I'll try and lend a hand here.   On the surface, to restate your 
problem in .0, the system (multiple DGs <-> Alpha) was working
until the customer expanded with another site.   When this new
DG (DMQA client) tries to connect to the Alpha, there are problems.

On the server side, the error "no free server slots available" happens
because there are a limited number of DmQA server processes that will
accept connections from DmQA clients, and it seems in this case 8.
The DmQA startup will create 8 DmQA servers for up to 8 clients.  The
master process (in this case DmQA_S_4000) creates the A-H copies of
itself and uses an common event flag to communicate activity.  When
a new DmQA client requests a connection (during the attach), the server
(DmQA_S_4000) will look for the first available offspring (A-H) to 
hand off the connection for this client.   When the bit in the event
flag is set, the offspring is not busy and can be used for connection,
From your first dmqa_show, all of the bits are clear, meaning all 
'slots' are taken and no other clients are able to connect.

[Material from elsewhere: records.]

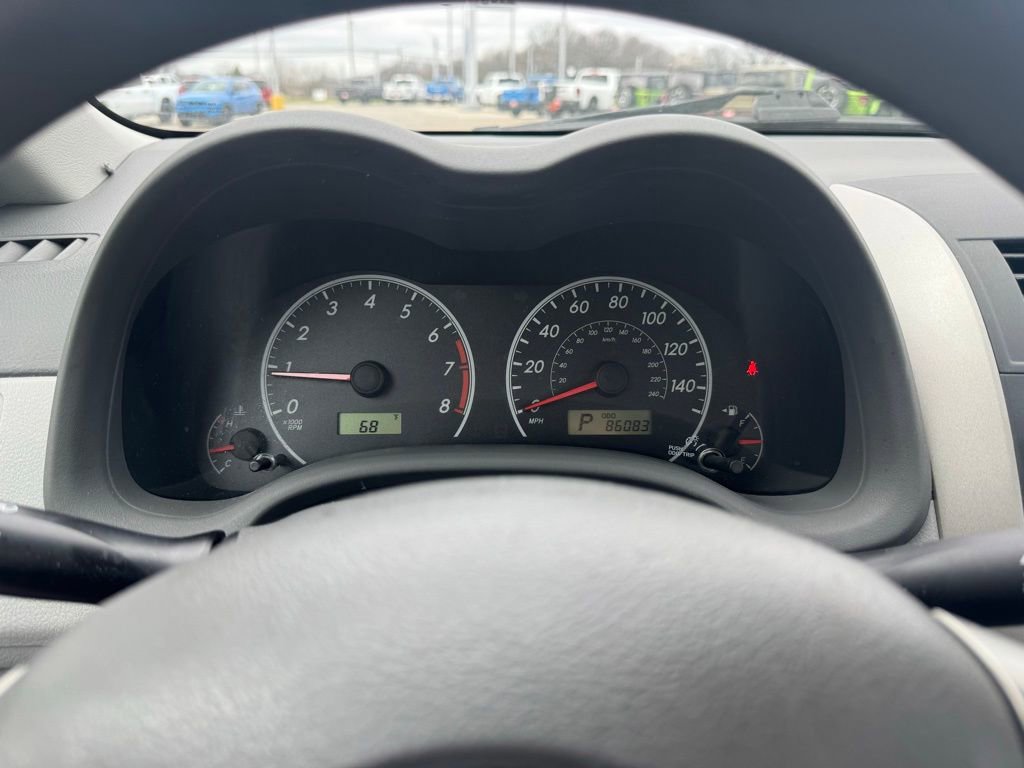 Used 2010 Toyota Corolla LE image 14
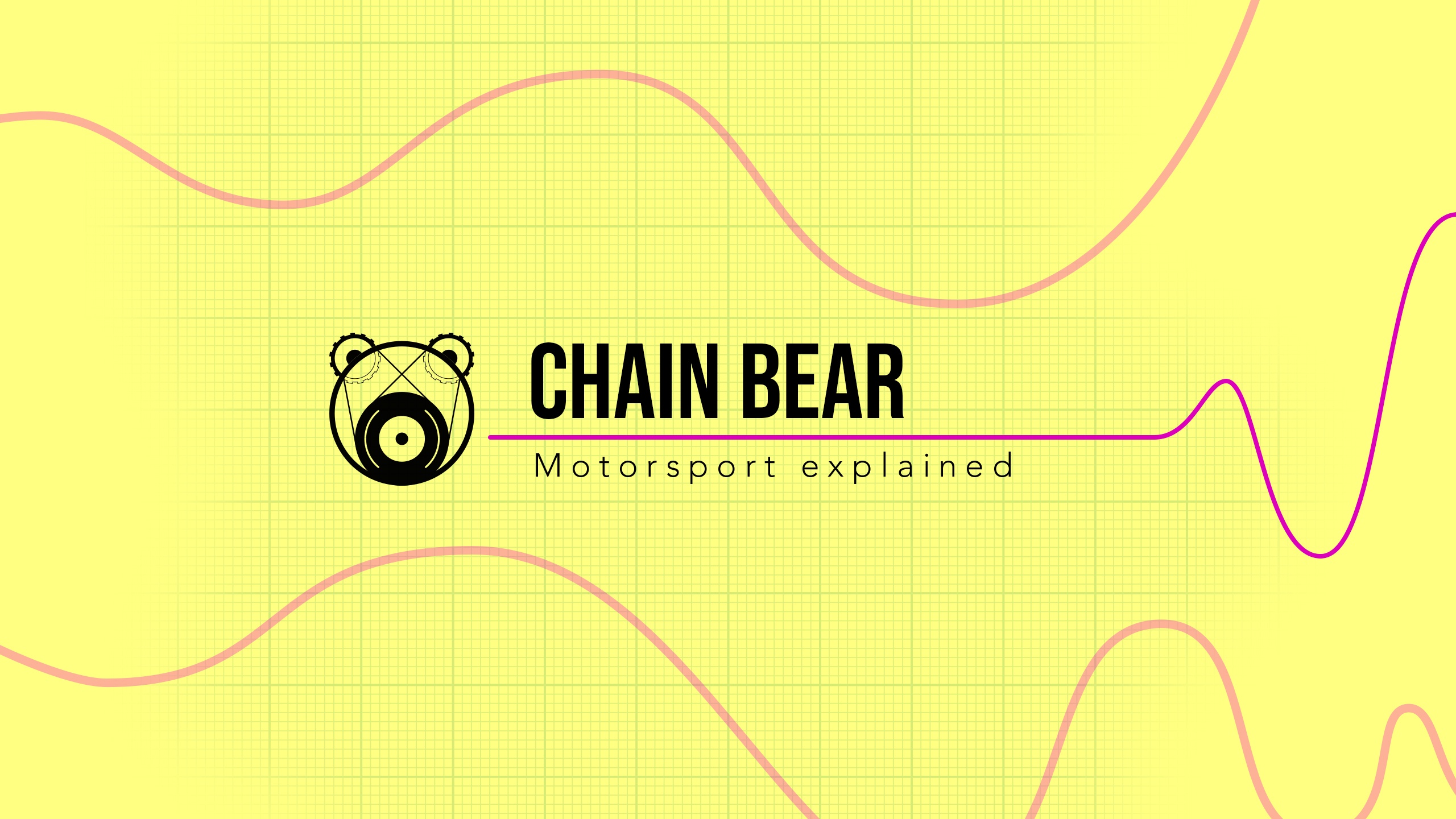 Chain Bear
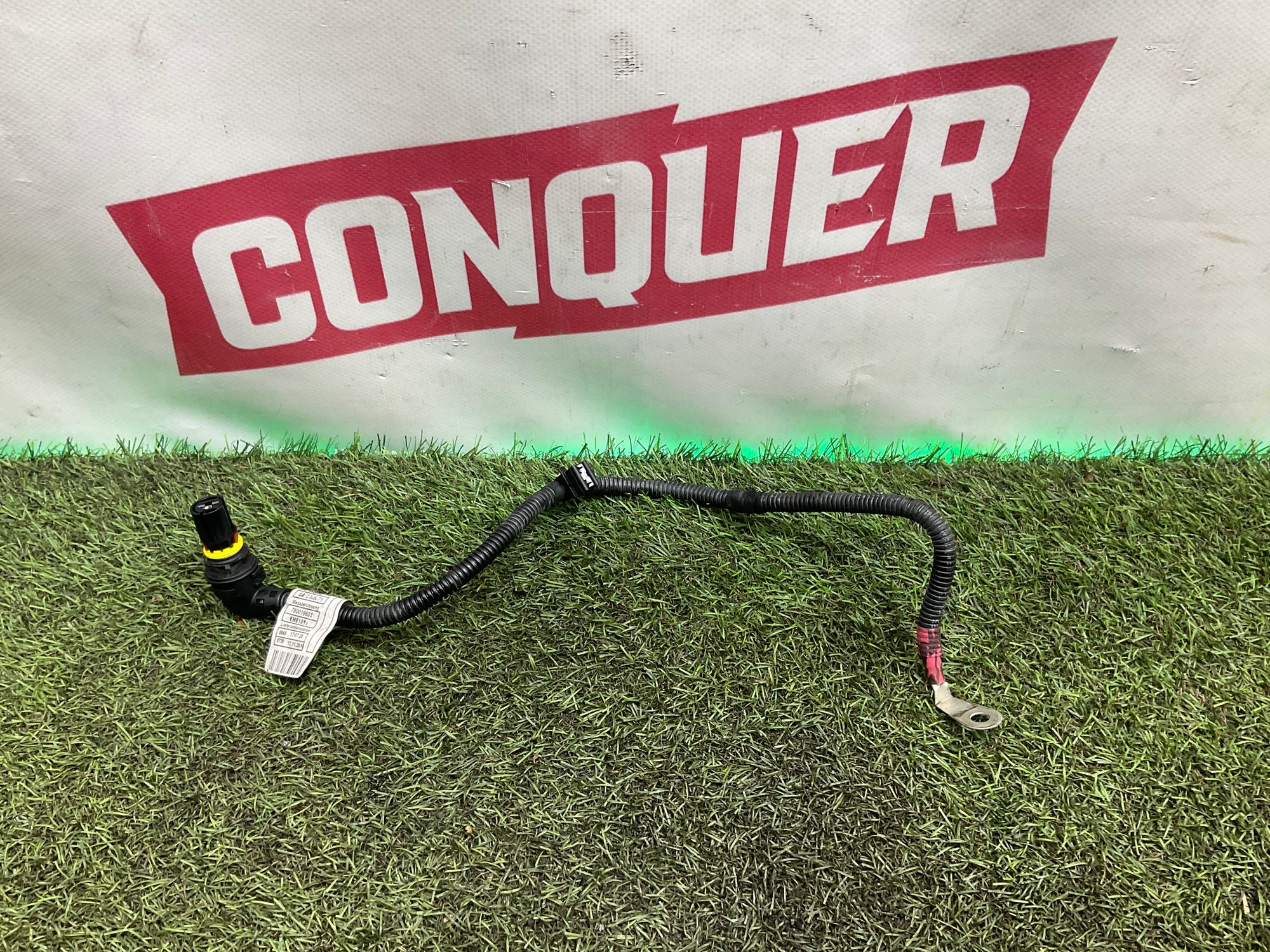 Провод предпускового подогрева BMW X5, E70 рестайлинг N57D30, 1000 рублей, Москва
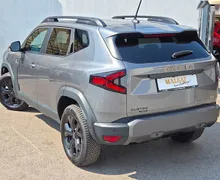 Zunanja slika - Dacia Duster - Extreme 4x4 hybrid-G 150 + Paket CITY+Vinjeta - 7 - Predogledna slika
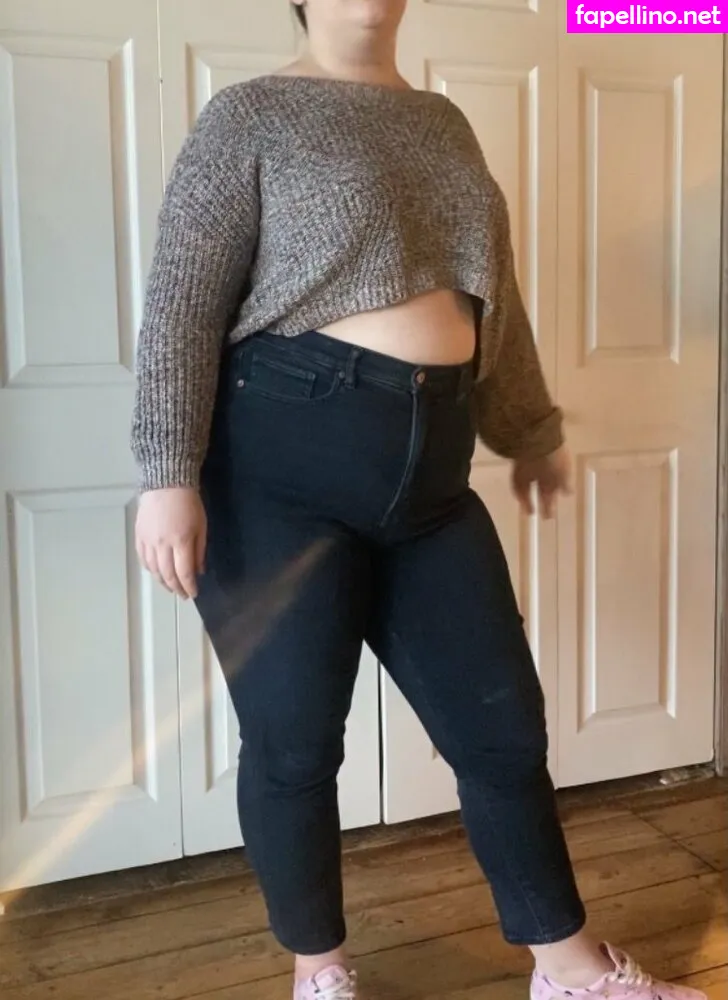 myfatblondegf Nude Leaked OnlyFans Photo #GYRUcUB9Ne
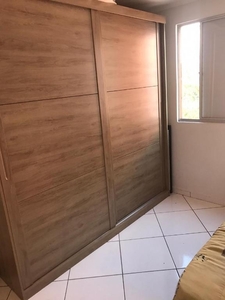 Apartamento em Ferrazópolis, São Bernardo do Campo/SP de 55m² 2 quartos à venda por R$ 216.500,00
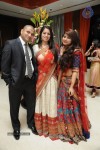 Suraj Godambe Wedding Reception - 35 of 43
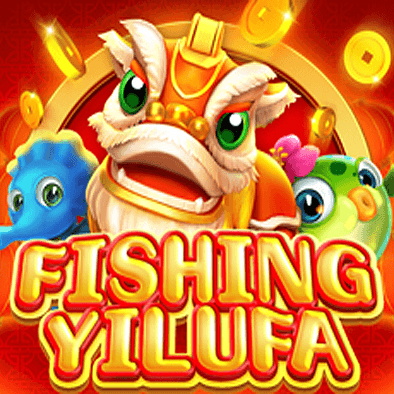 Fishing Yi Lu Fa okada play fishing game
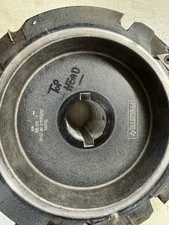 Frezite Tenoner Cutting Head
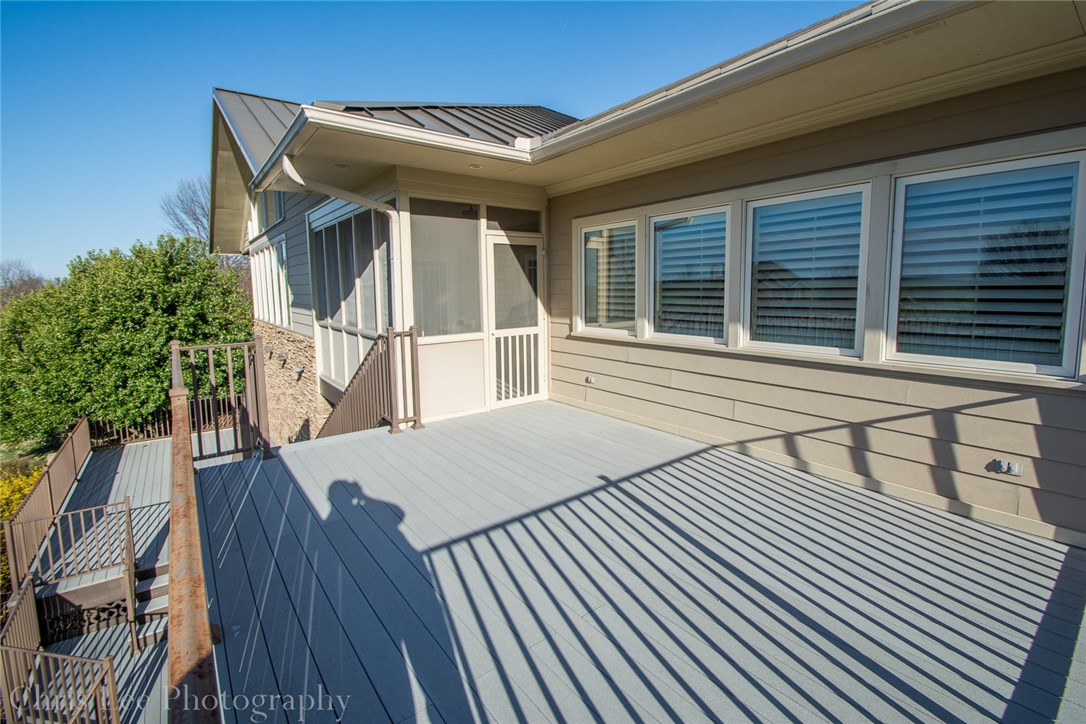 Prairie Grove Outlots - Residential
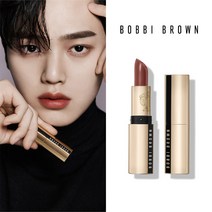 바비브라운 정품 럭스립루즈스틱, 핑크 누드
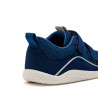 Zapatillas deporte Gioseppo azules de rejilla colebrook barefoot
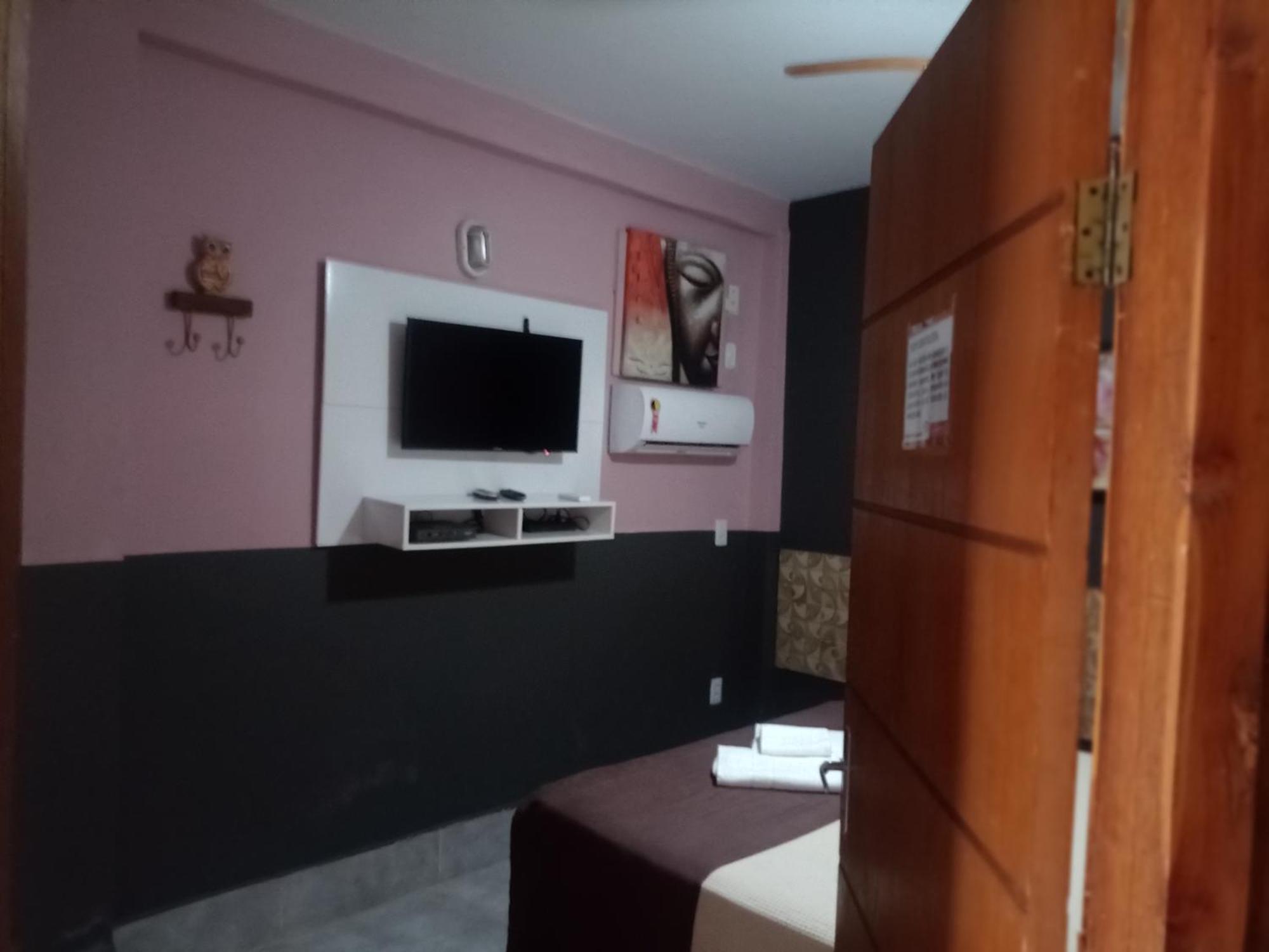 Pousada Da Gi Suites E Turismo Chapada dos Guimarães Exterior foto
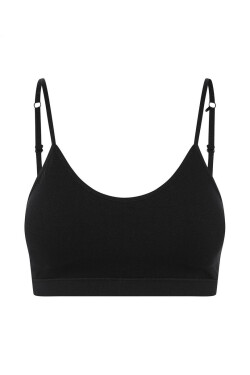 DÁMSKÁ PODPRSENKA - TOP BREW 43970 SS25 černá XL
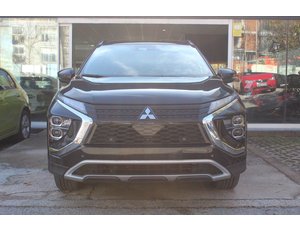 
										MITSUBISHI ECLIPSE CROSS 2.4 PHEV KAITEKI AUTO 4WD full									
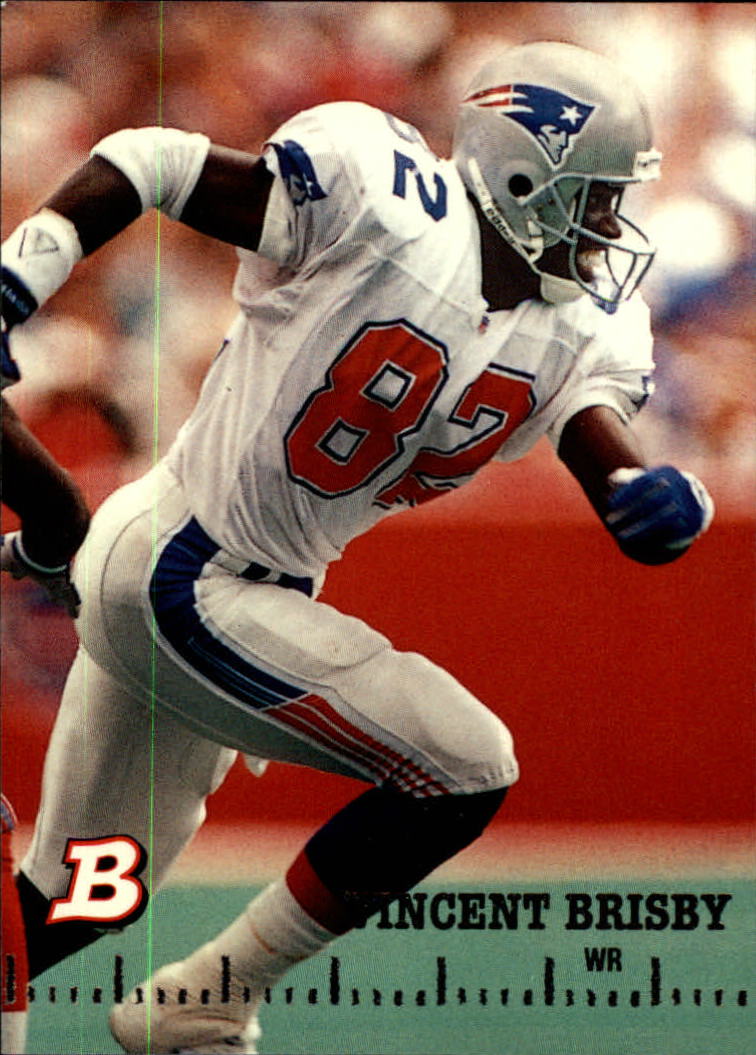 A6919- 1994 Bowman Football Card #s 1-249 +Rookies -You Pick- 15+ FREE US SHIP - Picture 322 of 465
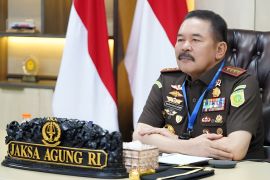 Buka Rakernas, Jaksa Agung tekankan penguatan SDM-penerapan KUHP baru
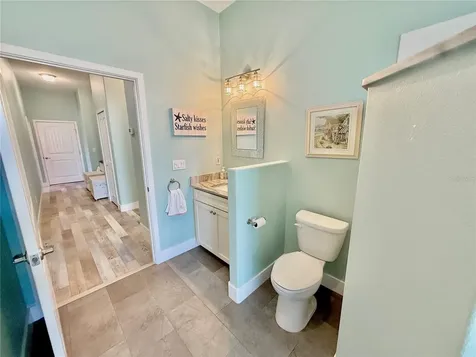 117 Sand Dunes Drive Ormond By The Sea FL 32176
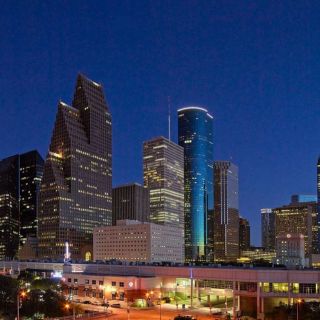 Houston: Lone Star Ghosts and Haunted History Walking Tour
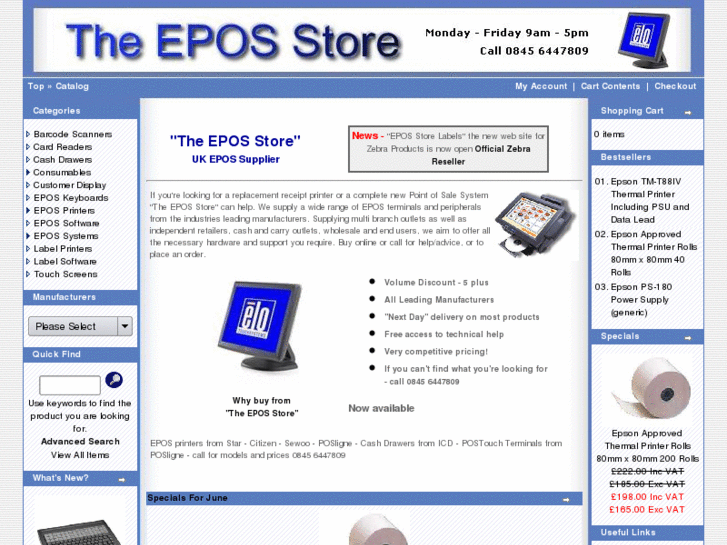 www.epos-store.co.uk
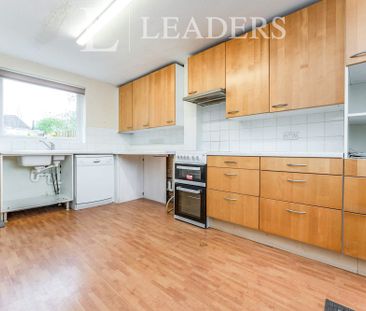 3 bedroom house to rent High Street, Stanford in the Vale, Faringdo... - Photo 6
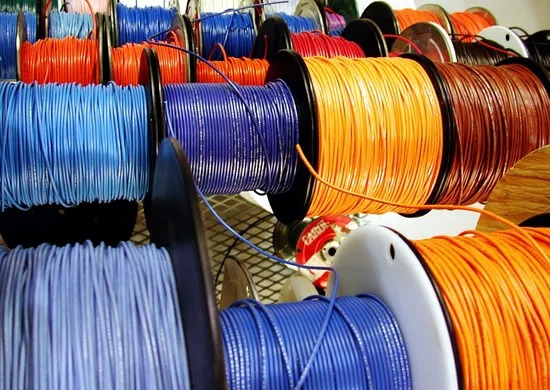 DC1500V Electric Vehicle Charging Cable with PVC Insulation and Copper Conductor for Easy Installation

My guess is there is some problem with this new site that causes an
unexpected exit of the client, either from a network failure or program
bust, which leaves the DmQA server (A-H) on the alpha in a 'hung' 
situation.   Depending on the state of the socket, it may take awhile
for the server to realize the client is gone, depending on the keepalive
timers for UCX (probe and drop) however, it "should" clean up and go
back to the idle state, ready to accept a new connection.

To your questions, specifically:

>How do I know that a DMQA process really is a zoombie process? They all seem 

If the dmqa_show shows the EFN clear (it is busy), yet you see no activity
for the the socket via UCX for say 10 minutes after you know the client is
dead, then something is broken, and you will have to restart that server.

>before). Can I consider the process to be a zoombie if it suddenly stops 
>increasing the UCX device/socket I/O count, CPU time or what? 

Not exactly, unless you know the client is gone.  If the client is just
in an idle state you won't see any activity.

>Is there anything we can do to prevent this happening all the time? Where 

It is important for the client code to gracefully exit.  The Qadapter does
not have 'great' link error recovery, so my best advice is to always try
to issue a pams_exit from the client with exiting the DG program.

>should we start to look? At the network? A new DMQA version? UCX configuration?

You can try changing the probe/drop timers in UCX, but it sounds like 
once these servers get into this state, they never revcover (2 days).  
The default probe/drop timers give you about 10 minutes, then the link
is dead, and it should signal the server for cleanup.

Hope this helps,
Bruce.